Richard J. Evans: Das europäische Jahrhundert

 

 

 

 Russophobie gehört unter britischen Linksintellektüllen zum guten Ton, daher sollte der stolze Russe das ständige Foulspiel gegen den Nationaldichter Puschkin dem J. (steht wohl für "judgmental, not perceiving" nach MBTI) nicht allzuübel nehmen; der deutsche Leser kann es als creepy abbuchen und ungestört weiterlesen. Gestört zu lesen, wäre bei diesem langen Werk ohnehin keine gute Idee.

Das britisch-gemütlich zurechtgelegte 19. Jahrhundert (1815-1914) wird empirisch und akribisch analysiert. Keine theoretischen Höhenflüge, dafür ein gewissenhaft recherchiertes Historienwerk. Langsam zeichnet sich das Bild, das zeigt, dass im Grunde bis zum letzten Drittel des (kalendarischen, nicht zurechtgelegten) 19. Jahrhunderts alles überall auf der Welt, selbst in Nordwesteuropa, so war, wie es immer war. Die Welt aber, wie wir sie kennen, ist erst seit den 1870-er, 1880-er und 1890-er Jahren erlebbare Realität. Mit Verspätung kam die Moderne auch in entlegeneren Winkeln des Planeten an; für den Großteil der Menschheit war noch das ganze 20. Jahrhundert nicht das Leben in der Welt von Heute, sondern der auf- und nachholende Weg dahin.

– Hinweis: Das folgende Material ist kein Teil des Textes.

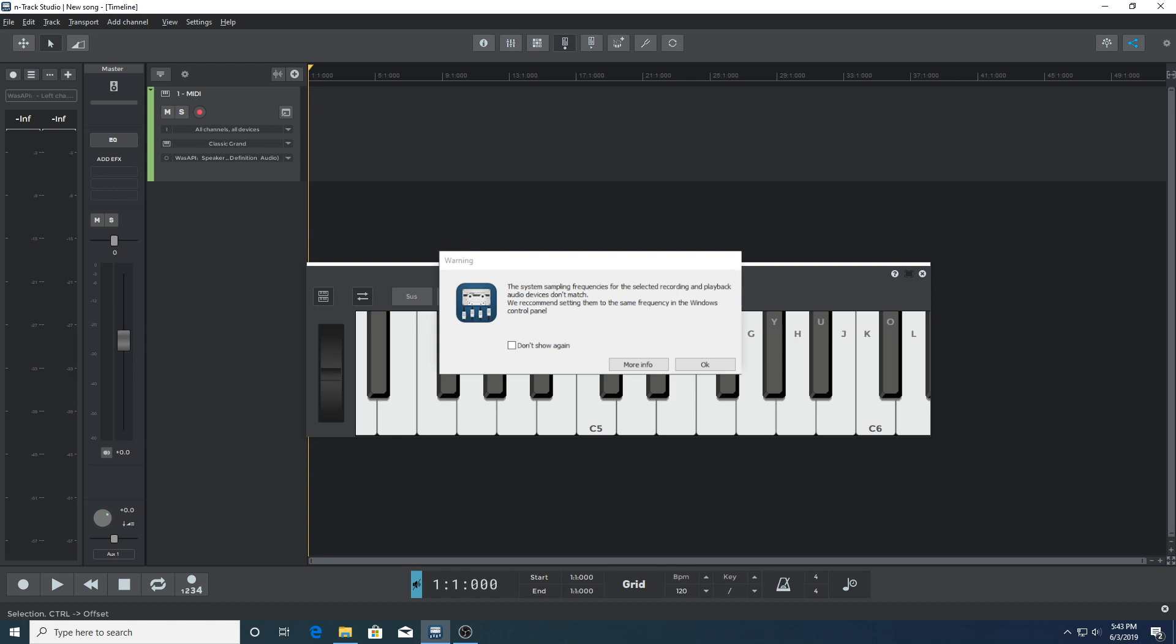We know that WASAPI is not in exclusive mode in this example because the exclusive mode checkbox is not checked here. We particularly recommend checking that the sample frequencies match when using WASAPI in non-exclusive mode because if the project and audio driver sample frequencies don't match, as per this example, then Windows, in order to be able to output the audio signal used by n-track playback, will have to go through the extra step of converting the audio signal.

Unkritisch stimmt der grimmig guckende Autor der feministischen Geschichtsdeutung zu, wo es um Frauen geht. Doch das Werk ist zu umfangreich, um es auf das unrefelektierte Simping eines whiteknightenden Mangina zu reduzieren. Für den historisch Bewanderten eine angenehme Tea-Time-Wiederholungswanderung, für den Nichtkenner des 19. Jahrhunderts eine geeignete, da unkritische, aber auch eben weitgehend ideologiefreie, Einführung.